After the check incident, Stavisky, who knew now (or thought he knew) how to manage the police, grew bolder. He carried on his drug traffic on a bigger scale, ran a shady meeting place in Montmartre, and made money. He had a hand in all kinds of peculiar deals, buying on credit and selling for cash, always fishing in troubled waters with the night life and the theatrical demi-monde of Paris for his background. As an associate of the notorious Himmel, he floated bogus cinema companies in Paris with American money; but when Himmel’s companies collapsed Stavisky was not prosecuted. Like many other clever ex-jailbirds, he was now a police spy or indicateur, and that, perhaps, without the knowledge of the higher authorities. As long as he did not go to extremes, he would be protected by his acquaintances in the police. A charge of swindling involving 100,000 francs failed against him for this reason.
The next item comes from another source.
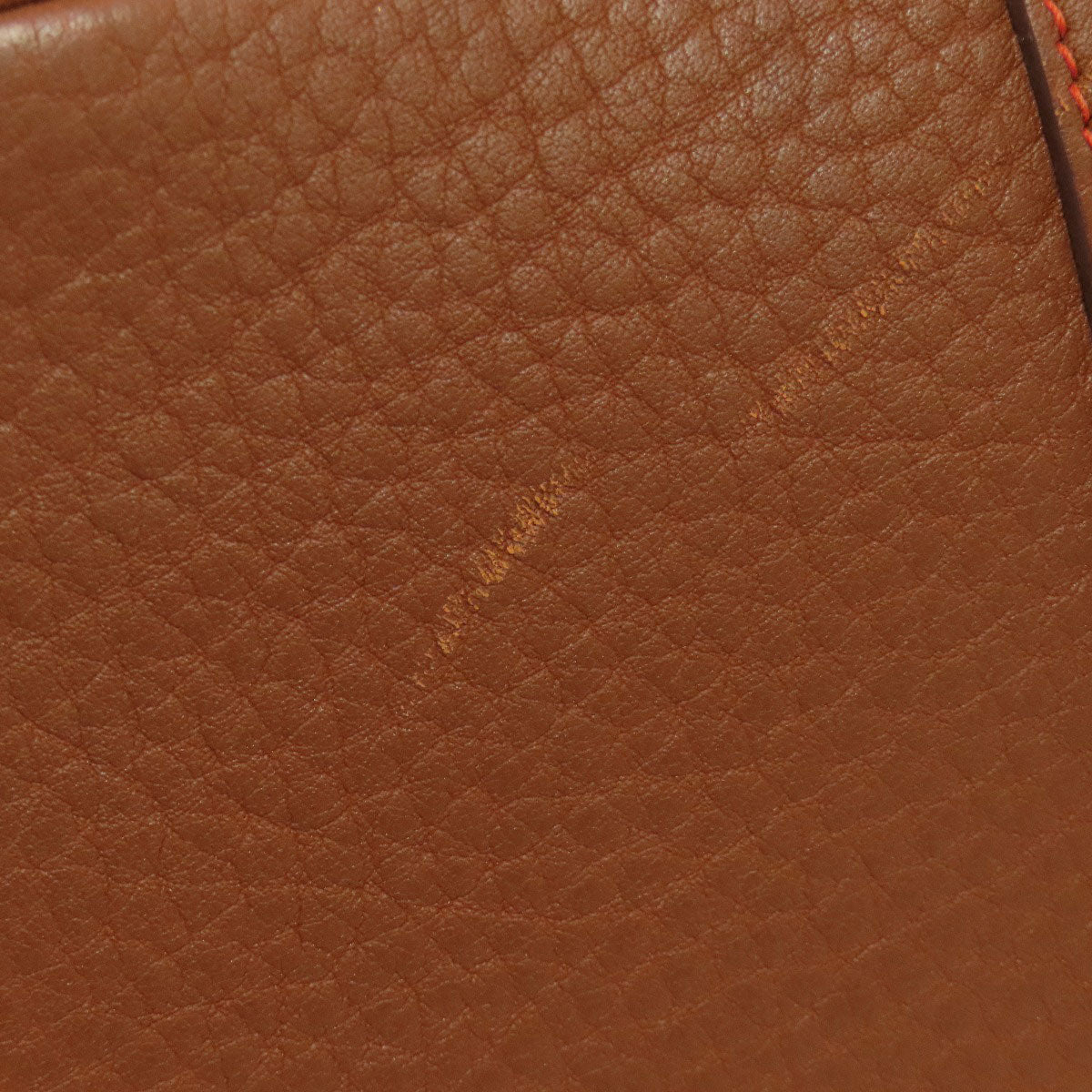 HERMES Tote Bag Tower ash Orange Garden Party PM SilverMetal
In 1926, Serge (or Sacha) Stavisky, otherwise known as Serge Alexandre, Sacha Alex, Doisy de Montel, or Victor Boitel, was entering on the last and most impressive period of his career. The petty shifts of the Porte SaintMartin, Montmartre, and the Rue de Caumartin were beneath his dignity. ‘Monsieur Alexandre,’as he called himself, had made money and was intent on making more — very much more — and making it quickly. He had become a well-known and, in his way, a popular figure in the fashionable centres of pleasure and extravagance — Deauville, Cannes, Biarritz. He had married a woman whom, to give him due credit, he adored until the end — Arlette Simon, the pretty mannequin for whom M. Paul-Boncour, Chautemps’s Foreign Minister, had acted as advocate, free, gratis, and for nothing, when she was involved in some scrape of Stavisky’s, years before. (She was the daughter of an old friend of M. Paul-Boncour’s who was killed in the war; but this little episode, like many others of like nature, serves to-day as a stick to beat that poor dog the government.) Deauville, the scene of Stavisky’s earliest temptations, was the setting of his highest success. He had always been a gambler, and he owed it to himself now to gamble on the grand scale, for his world was watching. He stood up to the Greeks at baccarat, played for maximum stakes, and won or lost big money with equal composure. His expensive, well-groomed, overscented, altogether too perfect person, his pretty wife, winning elegance competitions in her pale blue automobile (gown to match) and picture hats, his white-uniformed chauffeur, were familiar figures on ‘the boards.’ Not many knew, fewer still would admit that they knew, his history. His own circle — paupers and plutocrats equally suffused with false chic, and living on others or on one another — were not particular, and those who dismissed him with a glance at his shoes and his jewelry did not care to inquire. He gave expensive dinner parties, attended by the newly rich and the arrivistes of the season, at the Guillaume le Conquerant. In the autumn he moved down to the Riviera and entertained lavishly at the Reserve at Beaulieu.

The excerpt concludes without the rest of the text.